Our next goal is to understand what controls the extent of a reaction. That is, of course, the change in the Gibbs free energy. Two different pairs of factors influence the ΔG. One pair is the reactants' concentration and their inherent reactivity relative to the products (as reflected in the K_eq). The other pair is enthalpy/entropy changes. We will now consider the first pair.

Contributions of Molecule Stability (K_eq) and Concentration to ΔG

Consider the reactions of hydrochloric acid and acetic acid with water.

\[\begin{align*} \ce{HCl (aq) + H2O (l)} & \ce{-> H3O^{+}(aq) + Cl^{-} (aq)} \\[4pt] \ce{CH3CO2H (aq) + H2O (l) } & \ce{-> H3O^{+} (aq) + CH3CO2^{}- (aq)} \end{align*} \nonumber \]

Assume that at t = 0, each acid is placed into water at a concentration of 0.1 M. When equilibrium is reached, essentially no HCl remains in the solution. In contrast, 99% of the acetic acid remains. Why are they so different? We rationalized that HCl (aq) is a much stronger acid than H₃O⁺(aq), which itself is a much stronger acid than CH₃CO₂H (aq). Why? Something about the structure of these acids (and the bases) makes HCl much more intrinsically unstable, much higher in energy, and hence much more reactive than the acid it forms, H₃O⁺(aq).

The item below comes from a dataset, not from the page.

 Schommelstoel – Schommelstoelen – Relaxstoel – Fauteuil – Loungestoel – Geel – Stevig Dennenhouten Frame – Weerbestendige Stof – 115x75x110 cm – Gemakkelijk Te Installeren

Likewise, H₃O⁺(aq) is much more intrinsically unstable, much higher in energy, and hence more reactive than CH₃CO₂H (aq). This has nothing to do with concentration, since the initial concentration of both HCl (aq) and CH₃CO₂H (aq) was identical. This observation is reflected in the K_eq for these acids (>>1 for HCl and <<1 for acetic acid). This difference in the intrinsic stability of reactants relative to products (independent of concentration) is one factor contributing to ΔG.

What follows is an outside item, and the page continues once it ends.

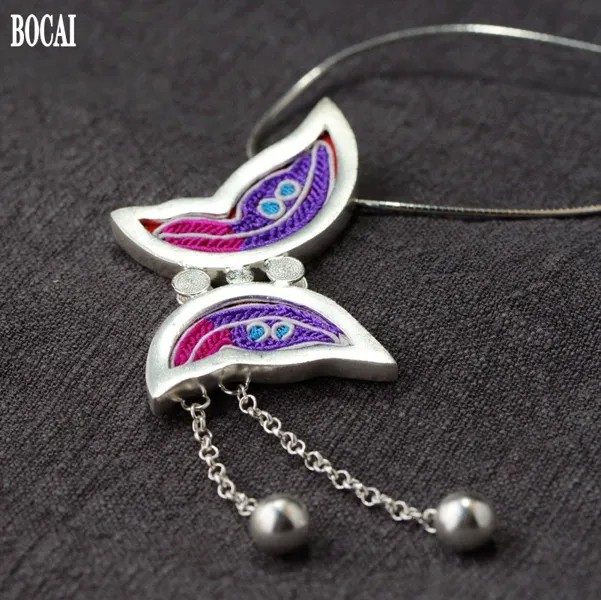Новый однотонный кулон BOCAI из чистого серебра пробы с ручной вышивкой, Литературная бабочка, Длинная кисточка, цепочка до ключиц, женский ку...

The other factor is concentration. A 0.25 M (0.25 mol/L or 0.25 mmol/ml) solution of acetic acid does not conduct electricity, implying that very few ions of H₃O⁺(aq) + CH₃CO₂^-(aq) exist in the solution. However, a dim light becomes evident if more concentrated acetic acid is added. Adding more reactants appeared to drive the reaction toward more products, even though the reverse reaction is favored based on the intrinsic stability of reactants and products alone. Before the concentrated acid was added, the system was at equilibrium. Adding concentrated acid perturbed the equilibrium, which drove the reaction to form additional products. This is an example of Le Châtelier's Principle, which states that if a reaction at equilibrium is perturbed, the reaction will shift in the direction that counteracts the perturbation. Hence, if

more reactant is added, the reaction shifts to form more products
more product is added, the reaction shifts to form more reactants
products are selectively removed (by distillation, crystallization, or further reaction to produce another species), the reaction shifts to form more products.
reactants are removed (as above), the reaction shifts to form more reactants.
heat is added to an exothermic reaction, the reaction shifts to remove the excess heat by shifting to form more reactants. (opposite for an endothermic reaction).

Change in Free Energy G

Without doing a complicated derivation, these simple examples suggest that the total $ΔG$ can be expressed as the sum of the two contributions, showing the effects of the intrinsic stability ($K_{eq}$) and concentration:

\begin{equation}
\Delta G_{\text {total }}=\Delta \mathrm{G}_{\text {stability }}+\Delta \mathrm{G}_{\text {concentration }}
\end{equation}

which becomes for the simple reaction $\ce{A + B <=> P + Q}$ (after a rigorous derivation):

\begin{equation}
\begin{aligned}
\Delta G &=\Delta G^0+R T \ln \frac{[\mathrm{P}][\mathrm{Q}]}{[\mathrm{A}][\mathrm{B}]} \\
&=\Delta G^0+R T \ln \mathrm{Q}_{\mathrm{rx}}
\end{aligned}
\end{equation}

where ΔG^o reflects the contribution from the relative intrinsic stability of reactants and products, and the second term reflects the contribution from the relative concentrations of reactants and products (which has nothing to do with stability). Q_rx is the reaction quotient, which for the reaction A + B ↔ P + Q is given by:

\begin{equation}
Q_{r x}=([P][Q]) /([A][B])
\end{equation}

at any point in the reaction.

Meaning of ΔG

Remember that ΔG is the "driving" force for a reaction, analogous to the difference in potential energy for a ball on a hill. Go back to that analogy. If the ball starts at the top of the hill, does it roll downhill? Of course. It transitions from high to low potential energy. The reaction can be written as:

Ball _top → Ball _bottom

for which the change in potential energy, ΔPE = PE_bottom -PE_top< 0. If the ball starts at the bottom, will it go to the top? Obviously not. For that reaction,

Ball _bottom → Ball _top, ΔPE > 0.

If the top of the hill were at the same height as the bottom of the hill (obviously an absurd situation), the ball would not move. It would effectively be at equilibrium, a state of no change. For this reaction, Ball _top --> Ball _bottom, the ΔPE = 0. As the ball starts rolling down the hill, its potential energy approaches the potential it would have at the bottom. Hence, the ΔPE changes from negative to increasingly positive until it reaches its minimum value, at which point ΔPE = 0, and movement ceases. If the ΔPE is not 0, the ball will move until the ΔPE = 0.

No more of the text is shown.